*** Opening Supplied information ***

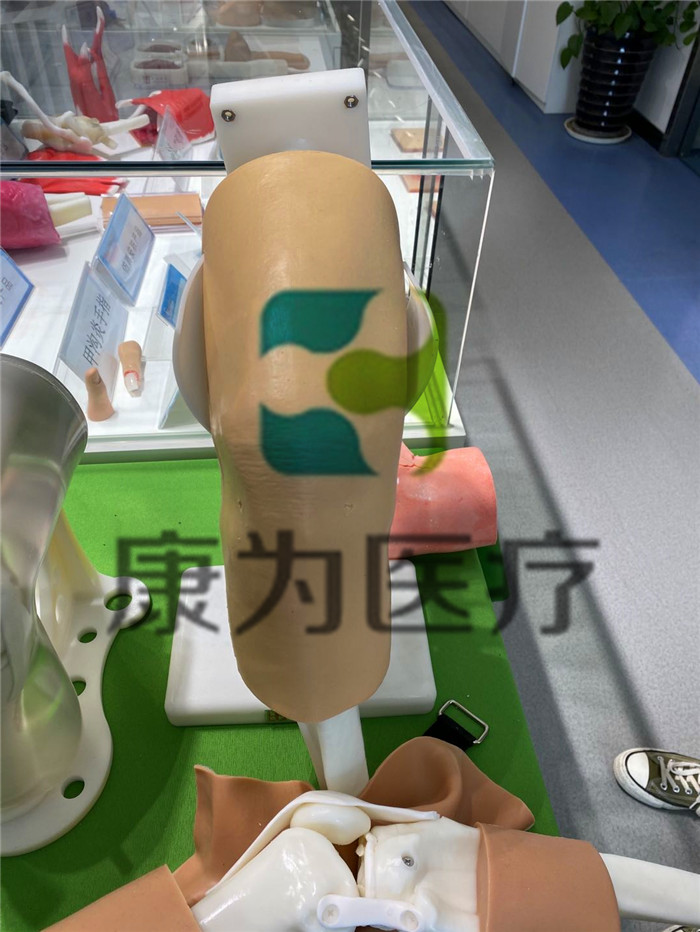 膝關(guān)節(jié)鏡手術(shù)模擬訓(xùn)練系統(tǒng) 膝關(guān)節(jié)鏡手術(shù)模擬訓(xùn)練系統(tǒng)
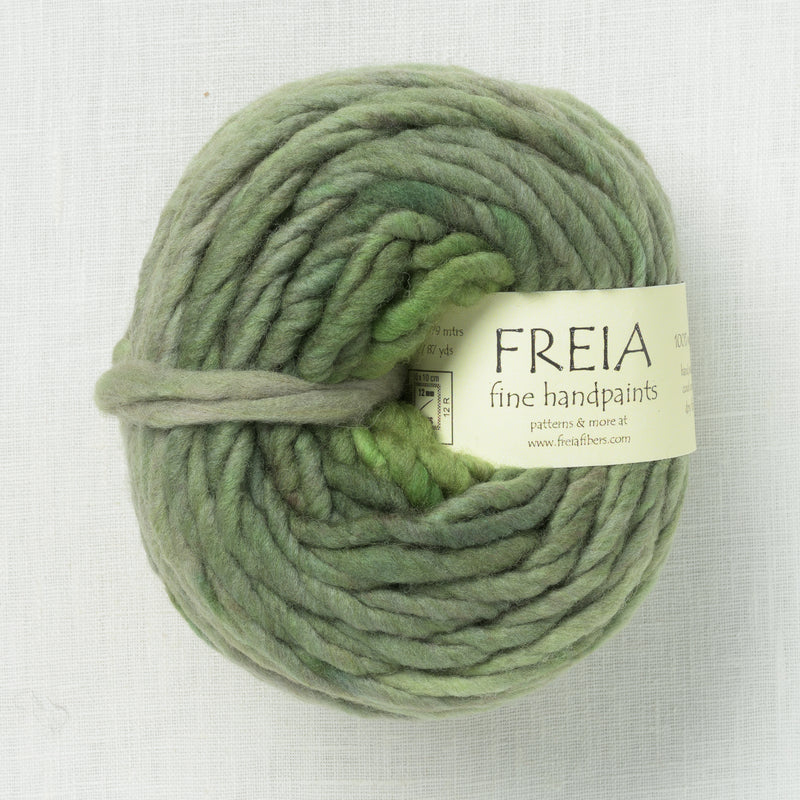 Freia Ombre Super Bulky Sprout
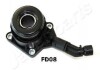 Центральний вимикач системи зчеплення FORD C-MAX/FOCUS/MONDEO/GALAXY/KUGA 2,0 TDCI 04- JAPANPARTS CFFD08 (фото 1)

*** Closing Supplied information ***

Only the lines from the one containing "Freia Ombre Super Bulky Sprout" through the final line of the data should be given again, exactly and without pictures.

 Freia Ombre Super Bulky Sprout
 Центральний вимикач системи зчеплення FORD C-MAX/FOCUS/MONDEO/GALAXY/KUGA 2,0 TDCI 04- JAPANPARTS CFFD08 (фото 1)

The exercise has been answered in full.